Les entités publiques prennent conscience à leur tour de la profondeur de ce changement et commencent à s’organiser en conséquence.
Réfléchir sur l’économie de l’immatériel.
La commission composée d’une vingtaine de membres de la société civile et de l’administration des Finances, a remis son rapport le 30 novembre 2006.
Le constat global de cette commission est que l’économie a changé. Auparavant, pendant les Trente Glorieuses, le succès économique reposait sur la richesse en matières premières et les industries manufacturées. C’est désormais la capacité à innover, à créer des concepts et à produire des idées qui est devenu l’avantage compétitif essentiel. La véritable richesse n’est plus matérielle, elle est immatérielle. Un exemple : il y a trente ans, être un leader de l’industrie automobile c’était surtout s’imposer par des critères techniques comme les caractéristiques de la cylindrée par exemple. De nos jours, c’est la marque, le service après-vente qui font la réussite industrielle.

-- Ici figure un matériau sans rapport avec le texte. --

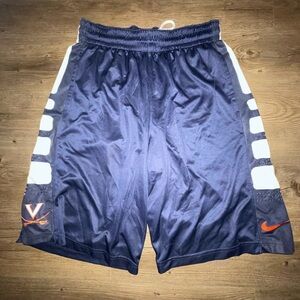 Nike Men's Elite Basketball Shorts Virginia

La première recommandation de ce rapport, traduite concrètement dans les faits, sera la création de l’Agence du patrimoine immatériel de l’État (APIE).
Le cœur de métier de l’APIE est en premier lieu de sensibiliser les institutions publiques à la culture et l’importance de l’immatériel, puis de les aider à identifier et répertorier leurs propres gisements d’actifs immatériels, et enfin de les conseiller dans la protection et la valorisation optimales de ce patrimoine immatériel.
Selon la nature des projets pour lesquels l’APIE est sollicitée, une équipe pluridisciplinaire de 2 à 4 spécialistes en général va intervenir (juristes, marketeurs…). Pour certains projets importants, relatifs par exemple à la modernisation de l’image et de l’identité d’opérateurs de l’État, l’assistance de l’équipe projet dédiée peut s’échelonner sur 18 mois.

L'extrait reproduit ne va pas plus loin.